[USENIX'22] SyzScope: Revealing High-Risk Security Impacts of Fuzzer-Exposed Bugs in Linux kernel

Key: uncover new high-risk impacts given a bug with seemingly low-risk impacts

Abstract

Fuzzing has become one of the most effective bug finding approach for software. In recent years, 24*7 continuous fuzzing platforms have emerged to test critical pieces of software, e.g., Linux kernel. Though capable of discovering many bugs and providing reproducers (e.g., proof-of-concepts), a major problem is that they neglect a critical function that should have been built-in, i.e., evaluation of a bug’s security impact. It is well-known that the lack of understanding of security impact can lead to delayed bug fixes as well as patch propagation. In this paper, we develop SyzScope, a system that can automatically uncover new “high-risk” impacts given a bug with seemingly “low-risk” impacts.
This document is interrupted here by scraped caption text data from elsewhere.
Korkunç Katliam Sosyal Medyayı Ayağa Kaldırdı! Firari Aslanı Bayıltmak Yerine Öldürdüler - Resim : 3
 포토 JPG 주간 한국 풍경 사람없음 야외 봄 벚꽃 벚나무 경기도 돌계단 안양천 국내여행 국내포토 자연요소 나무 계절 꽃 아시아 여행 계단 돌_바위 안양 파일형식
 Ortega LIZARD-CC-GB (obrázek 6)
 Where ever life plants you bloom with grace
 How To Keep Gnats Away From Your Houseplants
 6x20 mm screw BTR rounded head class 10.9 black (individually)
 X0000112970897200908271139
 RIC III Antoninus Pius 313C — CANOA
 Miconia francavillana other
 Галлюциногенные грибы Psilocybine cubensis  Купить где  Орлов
From analyzing over a thousand low-risk bugs on syzbot, SyzScope successfully determined that 183 low-risk bugs (more than 15%) in fact contain high-risk impacts, e.g., control flow hijack and arbitrary memory write, some of which still do not have patches available yet.

1. 定义什么是 High/Low risk

High risk bugs
  1. UAF and heap OOB bugs that lead to function pointer deference => control flow hijacking, arbitrary code execution
  2. UAF and OOB bugs that lead to write => corrupt data, privilege escalation
  3. Invalid free
Low risk bugs
  1. UAF or OOB bugs that lead to read
  2. WARNING, INFO, BUG, and GPF

2. Low risk 变为 High risk 的例子

  1. Syzkaller stopped at line 8 due to slab-out-of-bounds of exts->action
  2. OOB results from line 2: cp->hash can be larger than the size of array cp->perfect
  3. If line 8 is successfully executed, invalid address access action[i] at line 14 (low-risk bug).
  4. If action[i] is a valid address, there is arbitrary address write at line 16.
  5. If line 16 is executed, action[i] is passed to tcf_action_cleanup and causes a function pointer dereference at line 36 (high-risk bug).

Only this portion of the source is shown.